***** Dataset entries *****

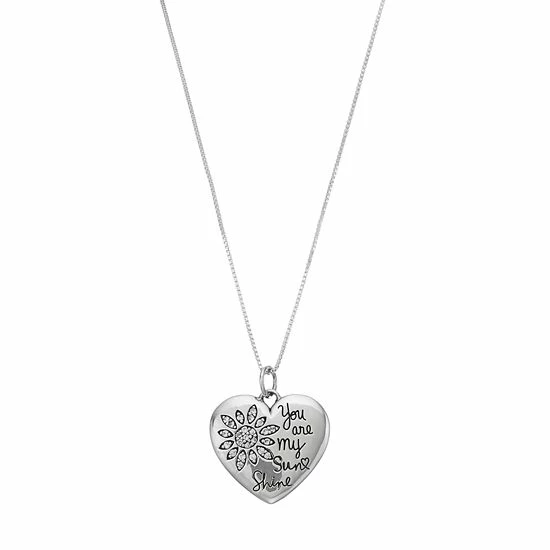 Deals π Timeless Sterling Silver Cubic Zirconia "You Are My Sunshine" Heart Pendant Necklace β 3 Deals π Timeless Sterling Silver Cubic Zirconia "You Are My Sunshine" Heart Pendant Necklace β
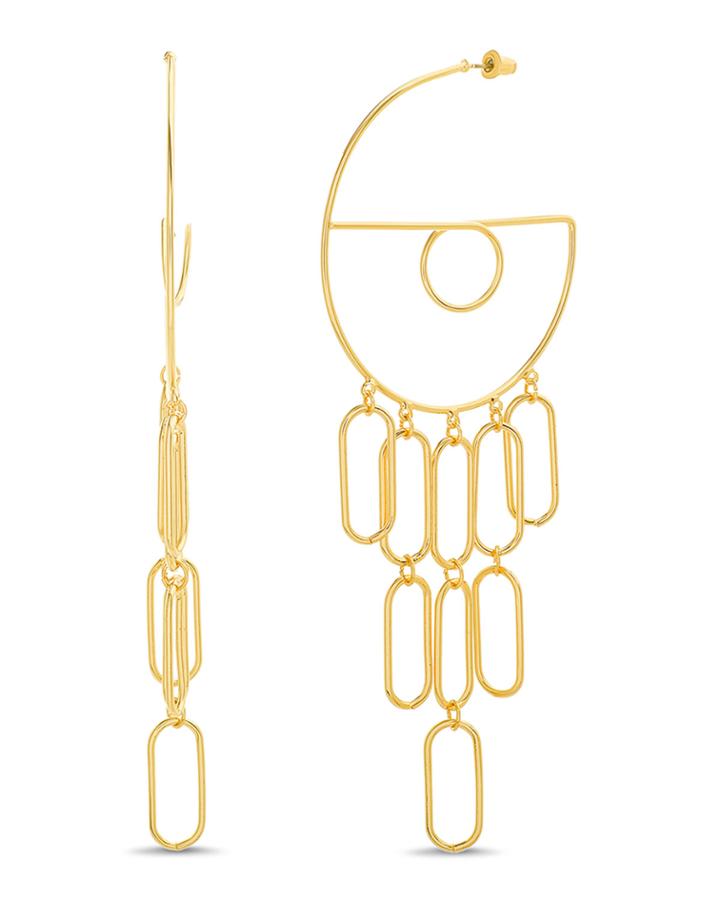 Open Circle Fringe Hoop Earrings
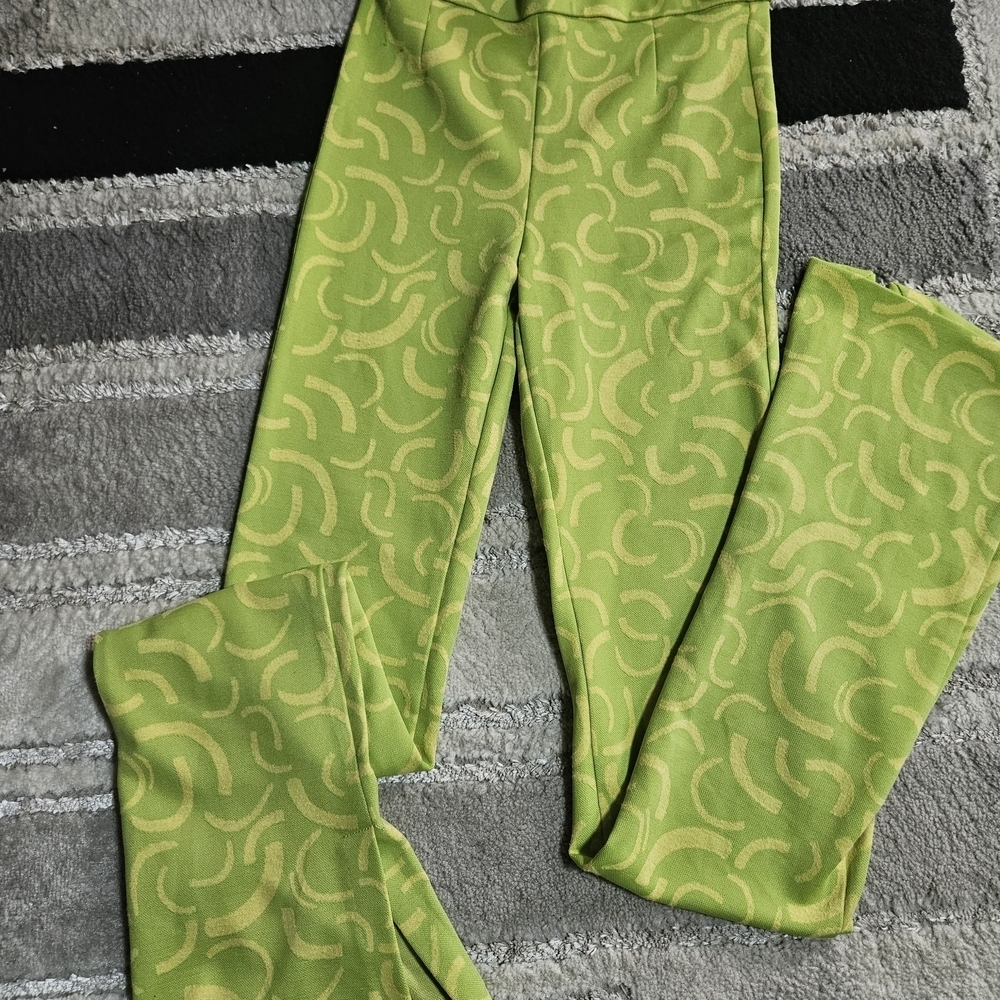 Zara Lime Green Patterned Leggings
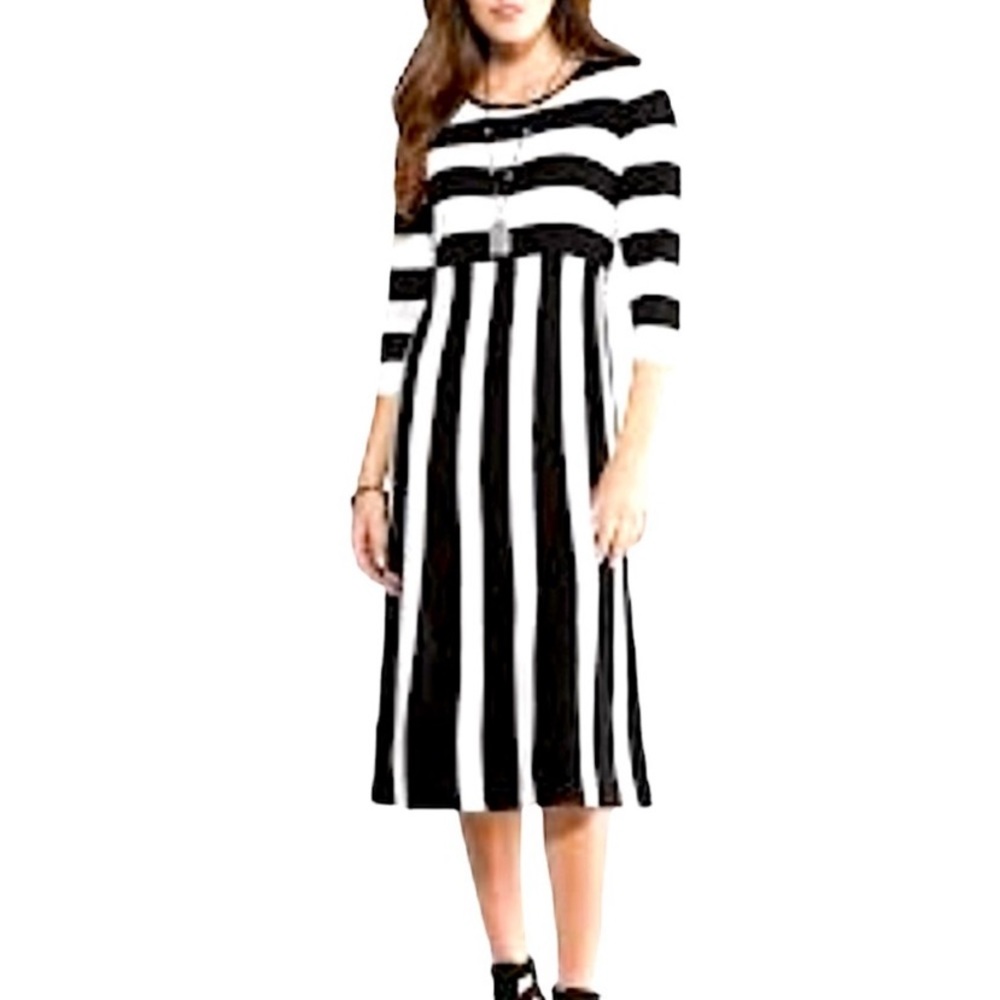 Established 1946 Striped Fit & Flare Knit Dress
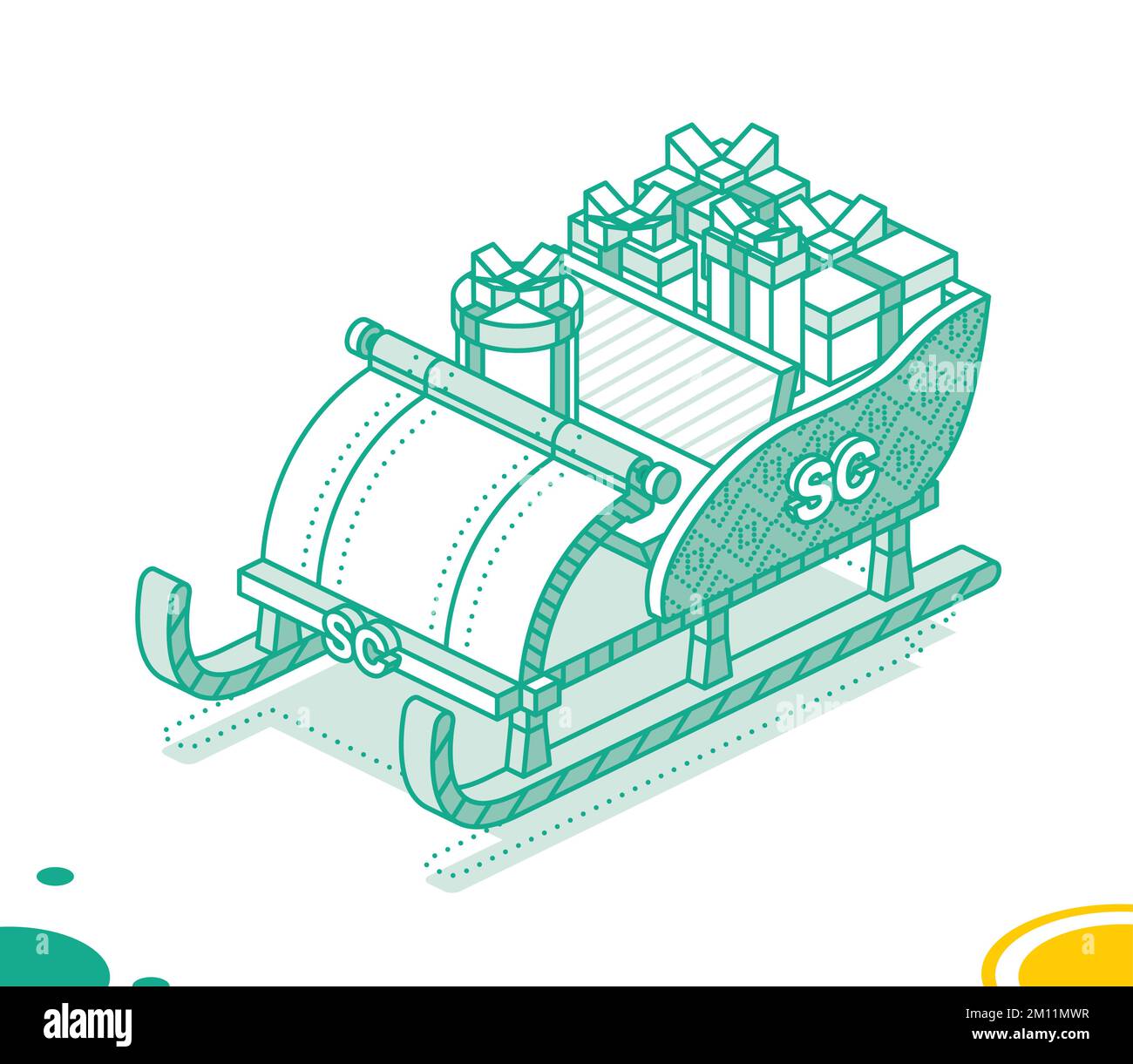 Isometric Christmas Open Sleigh with Bunch Gift Boxes. Outline Concept. Vector Illustration. Merry Christmas and Happy New Year Design Element. Stock Vector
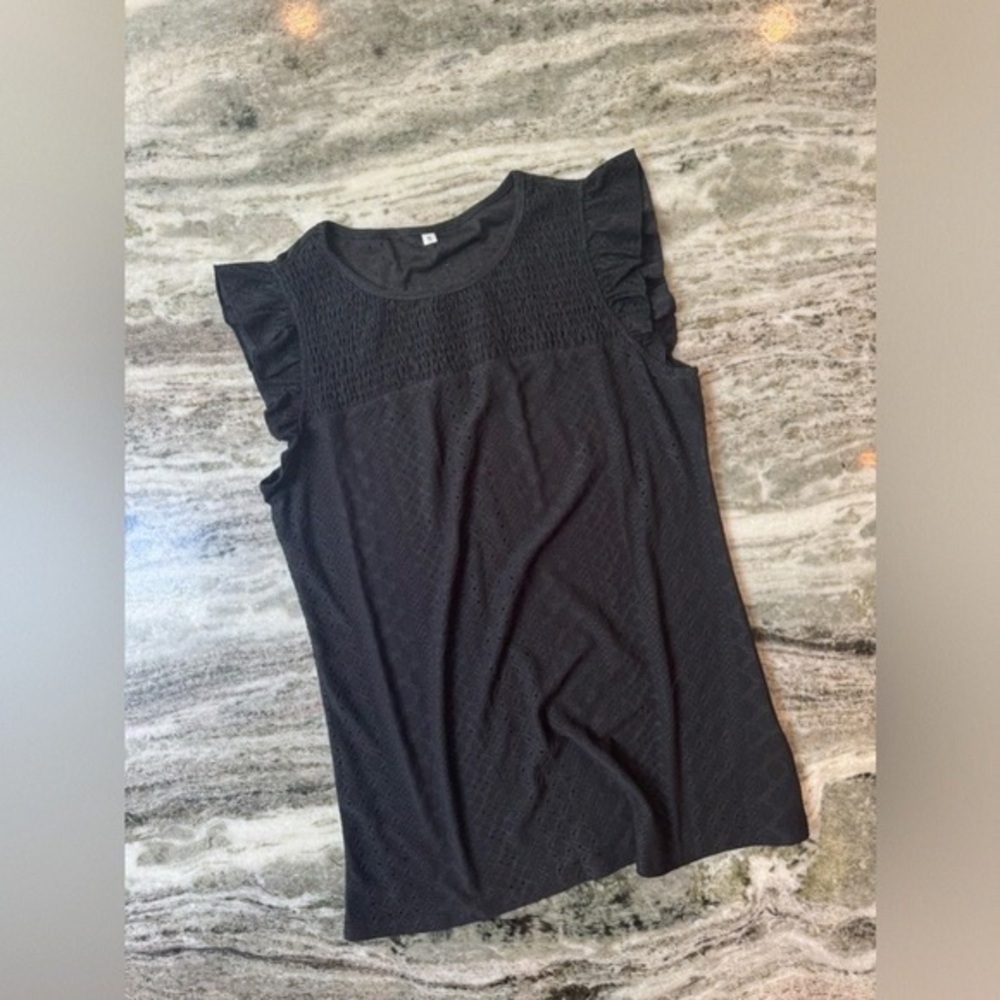 Black Flutter Sleeve Women’s Top - Elegant Everyday Style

*****

**Work task:** Skip all pictures. Write out only the lines from the one containing "Established 1946 Striped" to the end of the listing above, inclusive, exactly as given.

**Exercise response:**
 Established 1946 Striped Fit & Flare Knit Dress
 Isometric Christmas Open Sleigh with Bunch Gift Boxes. Outline Concept. Vector Illustration. Merry Christmas and Happy New Year Design Element. Stock Vector
 Black Flutter Sleeve Women’s Top - Elegant Everyday Style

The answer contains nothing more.